Remember in those 1960s TV SciFi shows & how they always featured a post-apocalyptic world that is not really so much destroyed as just devoid of people and busted up? I found a place where they can do remakes of those classics.
The Al Qaim train depot sits in the middle of a flat desert with tracks stretching to infinity in both directions. The building was new when it was abandoned because of the war; in fact I don’t think it was completed. Now it is quiet and empty, the vast cavernous inside space ruled by pigeons that spook when you come in, the sound of their wings echoing off empty tile walls.
I kept on waiting for an alien to step out from behind a pillar and cue the Outer Limits control voice: “There is nothing wrong with your television set. Do not attempt to adjust the picture. We are controlling transmission…” None showed up; all we heard were pigeons and the wind.
BTW – toward evening, I ran a little on the dirt road along the tracks that leads to the depot. The pigeons were sleeping, but I could hear the wild dogs howling in the distance. It gets dark fast around here. It was still very light when I started and almost dark 20 minutes later. I cut my run short because I hoped to avoid getting shot or torn apart by wild dogs. Neither of these things was a strong possibility, but these are the things you think about when it gets dark in a place like this. Besides, breaking a leg on the dark rough trail was a danger, so why take chances? This place really has all the needful things for a whole SciFi series.
The depot is structurally intact. It looks like what damage it suffered is superficial vandalism and neglect. It seems to me, since there is no town nearby that the whole place is vastly over engineered for its probable use, but maybe it was built with future growth in mind. When they built Dulles Airport, it was ridiculed for being in the middle of nowhere; today it is in the middle of a thriving business district. Some things take time to catch up.

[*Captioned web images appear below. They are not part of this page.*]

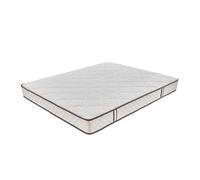 Yatas Penta-Z Materasso a molle insacchettate 80 x 200 cm - H3 - Materasso a 5 zone con tecnologia Free-Zone - Traspirante, isolamento dei movimenti, elastico a punti, altezza 19 cm, certificato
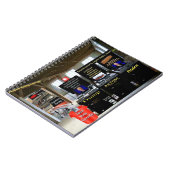 Wahllounge der Völker Notizblock (Linke Seite)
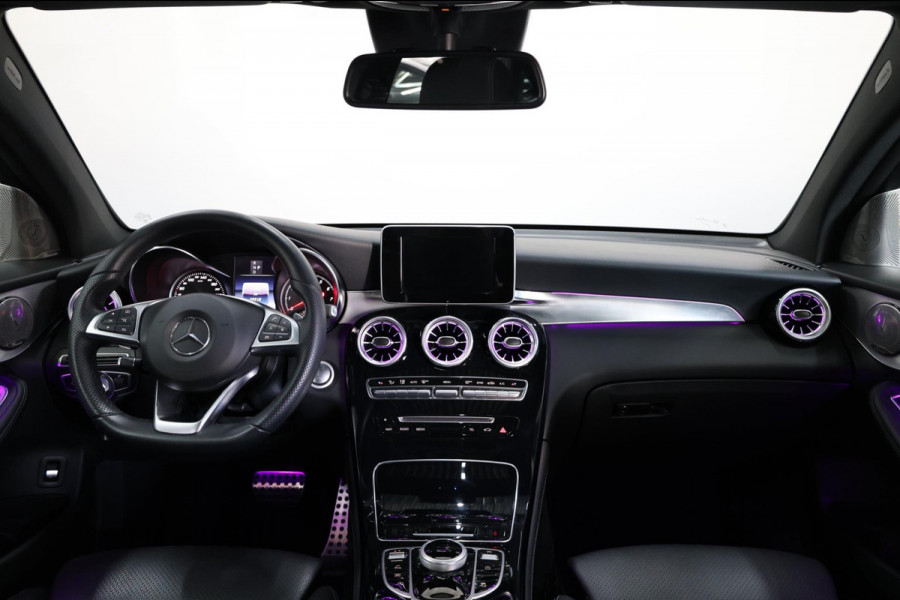 Mercedes-Benz GLC Coupé 250 4MATIC AMG Line LED/SFEER/PANORAMADAK/LEER+S.VERWARMING/KEYLES/22"/CAM/ACC/ECC/12 MDN GARANTIE!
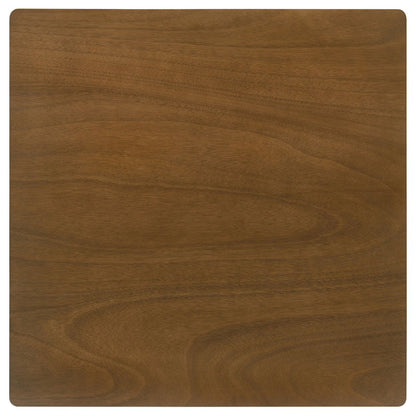 Parkwood 5-piece Square Dining Table Set Honey Brown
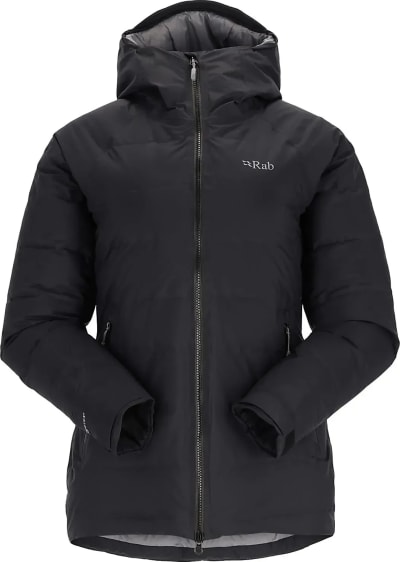 Куртка жіноча Rab Valiance Jacket, Black – Чорний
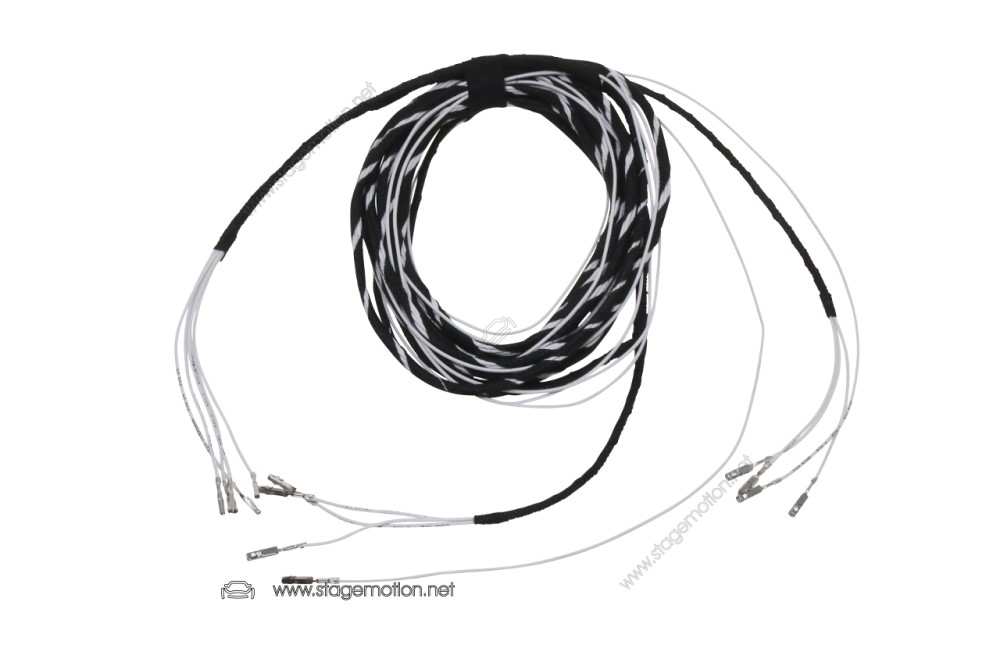 Cableado de luces traseras LED para VW Touareg CR con intermitentes dinámicos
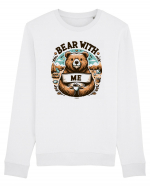 Bear with me Bluză mânecă lungă Unisex Rise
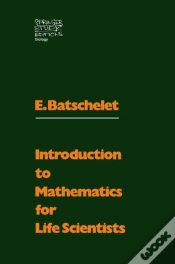 Capa do artigo Introduction To Mathematics For Life Scientists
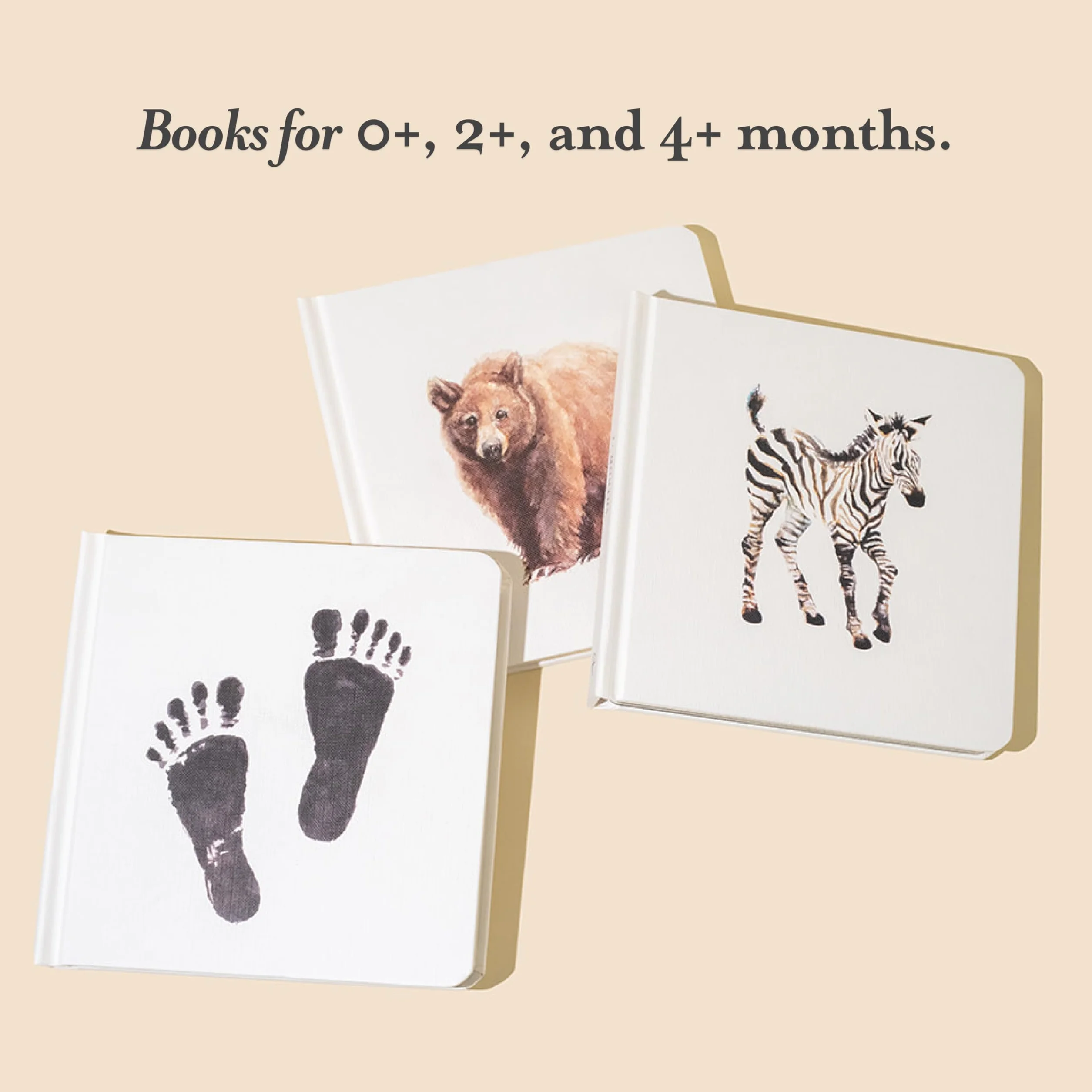 Baby's Tummy Time Book Box Set: A 3-Book Box Set of High-Contrast Art for Visual Stimulation at Tummy Time: 6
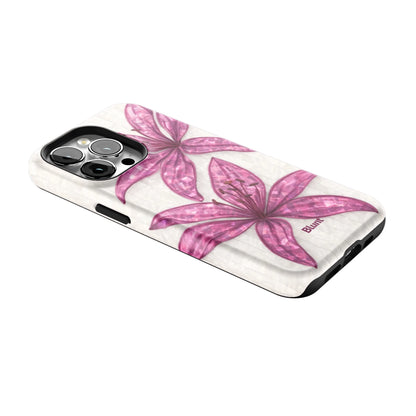 Purple-Floral-Luster-iphone-case-iPhone 13 Pro-2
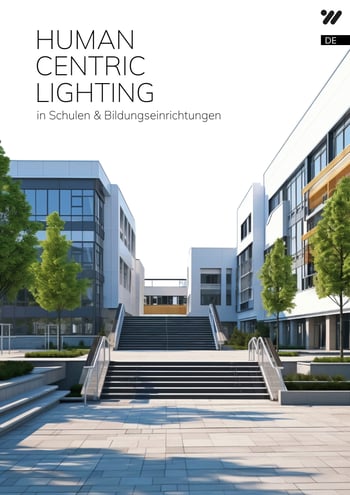 onepager Human Centric Lighting in Schulen und Bildungseinrichtungen DE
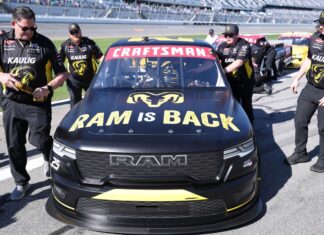 Carson Ferguson debuta en la NASCAR Truck con Kaulig Racing en Bristol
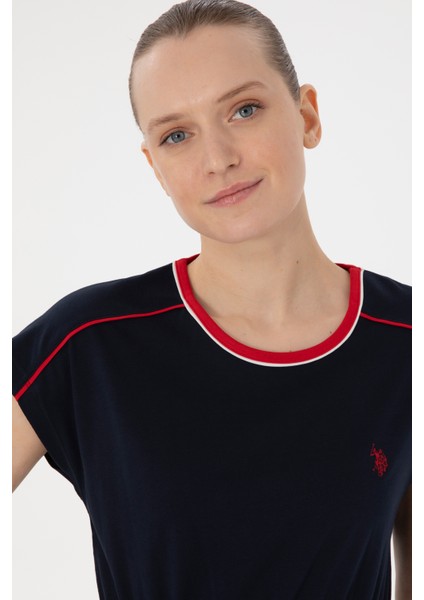 Kadın Lacivert Pijama Takım 50312788-VR033
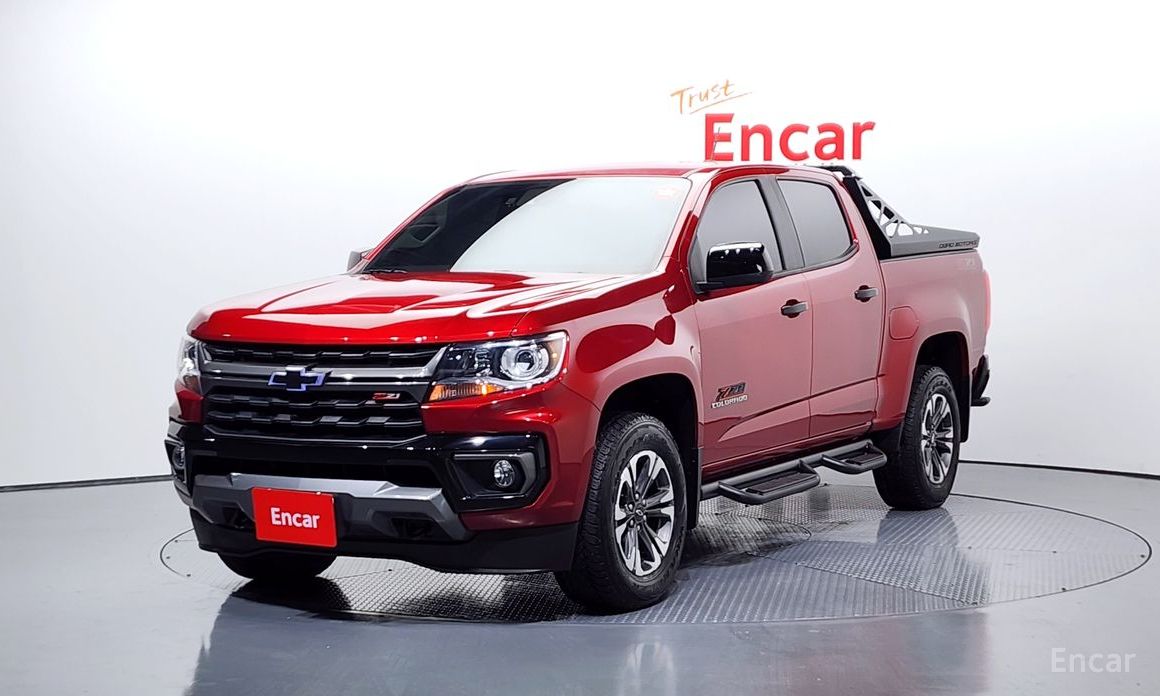 ChevroletGMDaewoo Colorado 2022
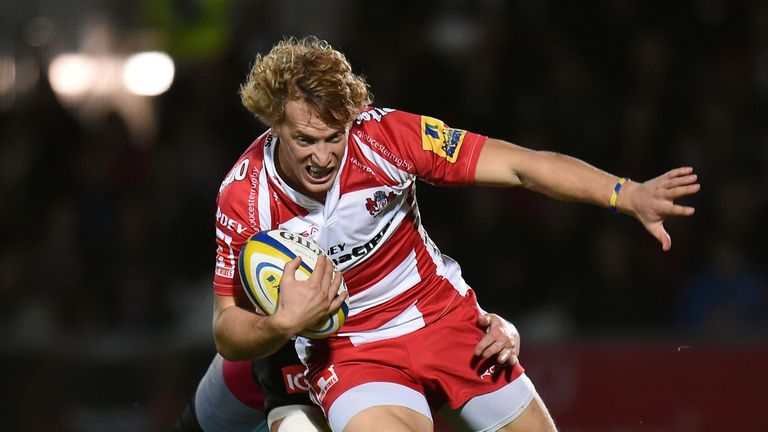 Billy Twelvetrees: One of just seven players retained in the Gloucester XV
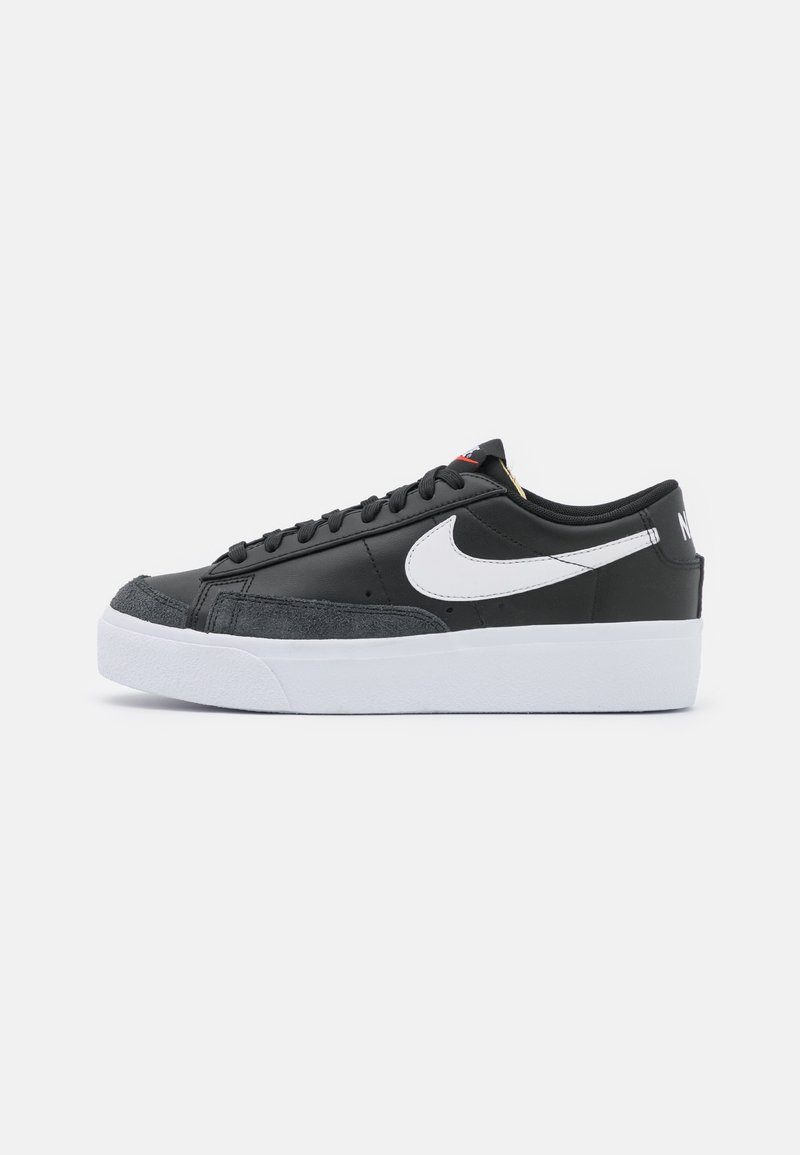 Nike black platform trainers Clearance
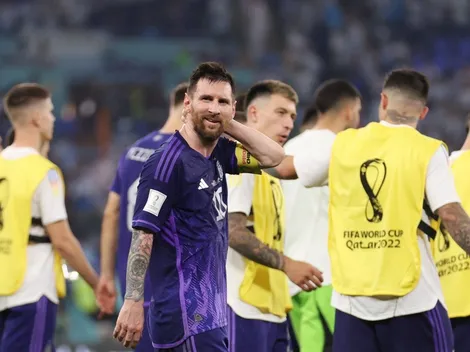 Argentina, a octavos y líder de grupo: ¿Cómo quedó el cuadro completo hasta una hipotética final?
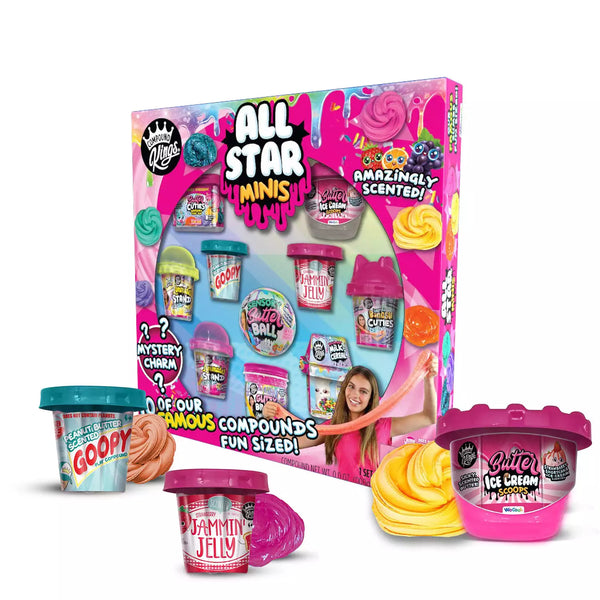 Compound Kings: All Star Mini's 8 Pack - Ages 4+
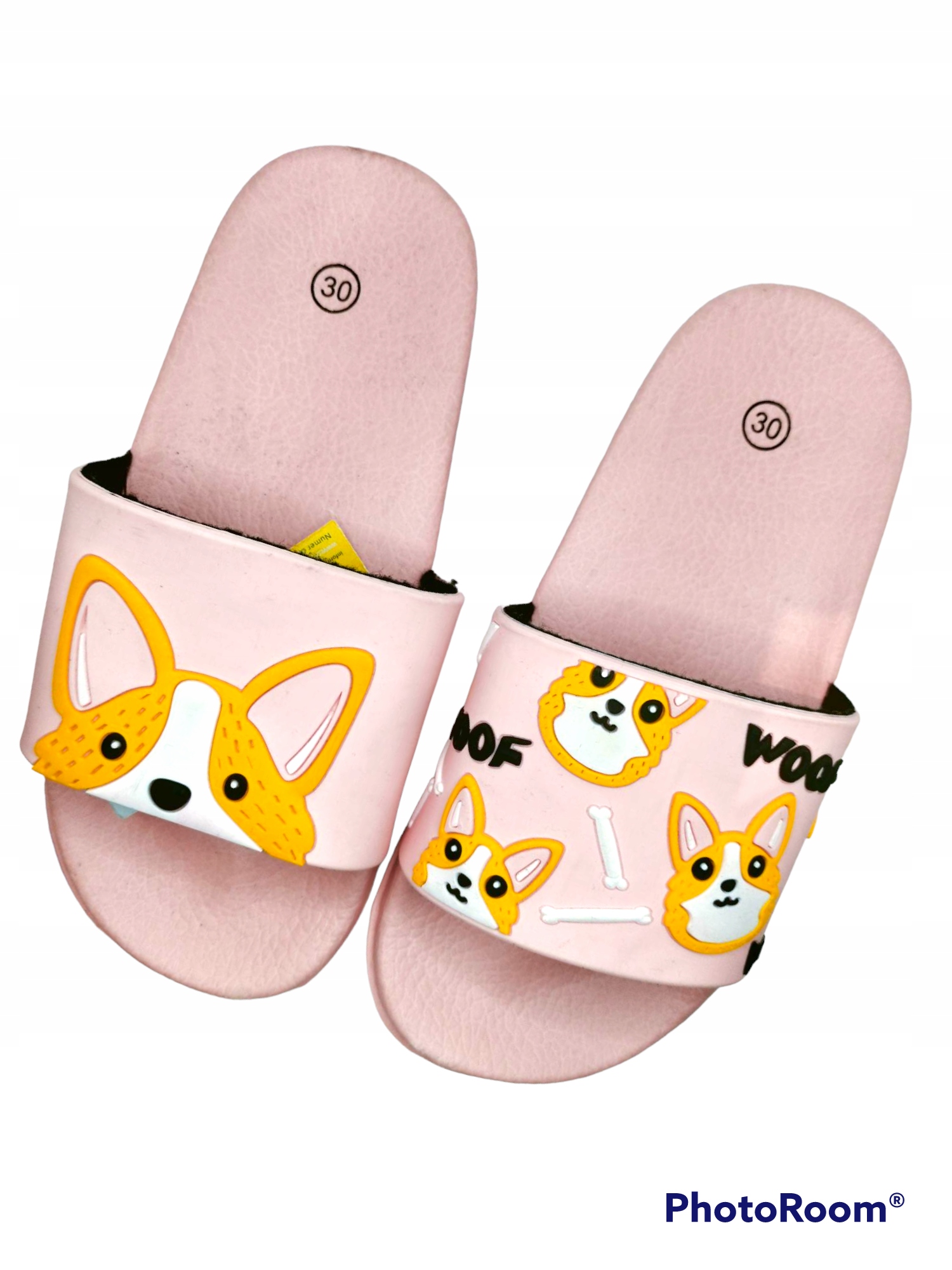 

Klapki dziewczęce Young Style 30 Psiak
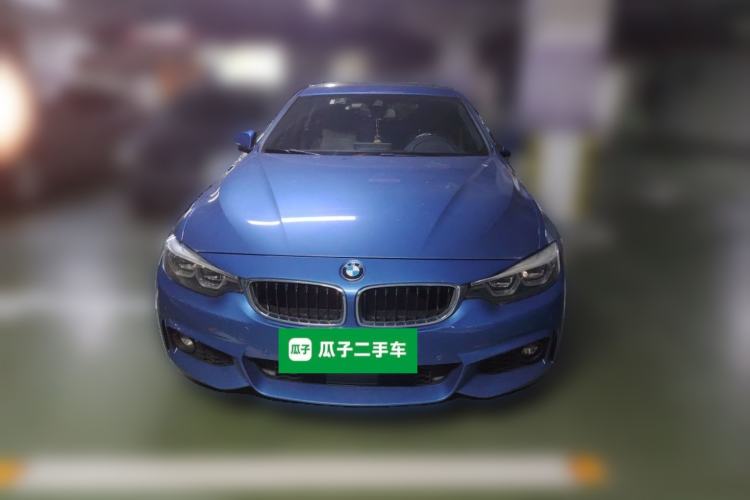 Used BMW 4 Series 2017 440i xDrive Gran Coupe M Sport Package Front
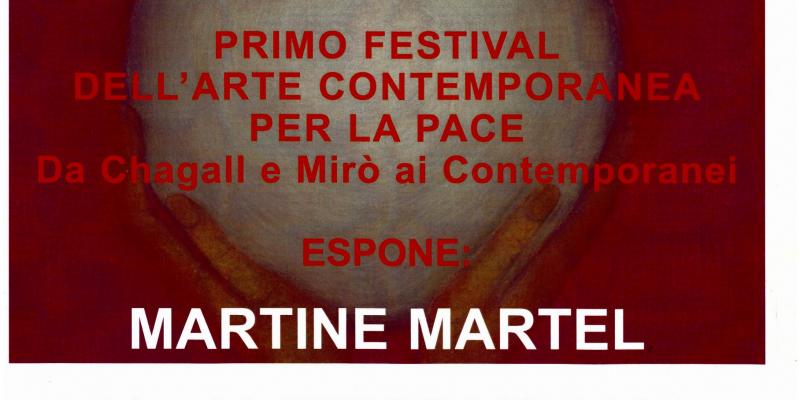 PEACE. FIRST INTERNATIONAL FESTIVAL OF CONTEMPORARY ART FOR PEACE Museo MIIT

The railroad was built to serve the local state-owned enterprises. There is a cement factory and a phosphate plant within distant sight of the depot (with a lot of desert in between). Farther down the tracks was/is a rail repair yard, currently occupied by the Marines. The rail line was supposed to move heavy materials produced at the plants, such as phosphate and cement to other parts of Iraq and markets in the Gulf and the Med. The passenger depot would bring in workers from other parts of Iraq and presumably take them back home when they could no longer tolerate life in the desert.
It was not a bad plan as far as central planning goes. Locating the phosphate and cement plants near sources of bulky raw materials made sense. Of course they were managed in the typical socialist way. That, coupled with local proclivities for flexible accounting methods, meant both facilities soon became massive boondoggles. With decent management and planning, however, this complex probably could make a profit and contribute something useful to Iraq’s future. The cement is good quality and there is a large unmet demand. (Producing cement, BTW, is energy intensive and releases prodigious amounts of CO2. You literally bake CO2 out of the rocks at high temperatures. Cement is not an eco-friendly building material, but there is not much wood around here. Maybe they should import eco-friendly southern pine.) I have to learn a little more about the phosphate plant before I have an opinion on it. I hear that it will not make as good an investment, so keep your checkbooks in your pockets for the time being.
It is a common misconception that every working factory is worth saving. Often the expense of rehab and various legacy costs associated with previous management give them zero or even negative value in comparison with starting from scratch in a green field (or in this case a brown heap of dirt). Sometimes the scrap value exceeds the working value, but who knows? Such decisions are beyond my pay grade. It might work out just fine. Maybe the train depot on at the edge of forever will not be forever empty.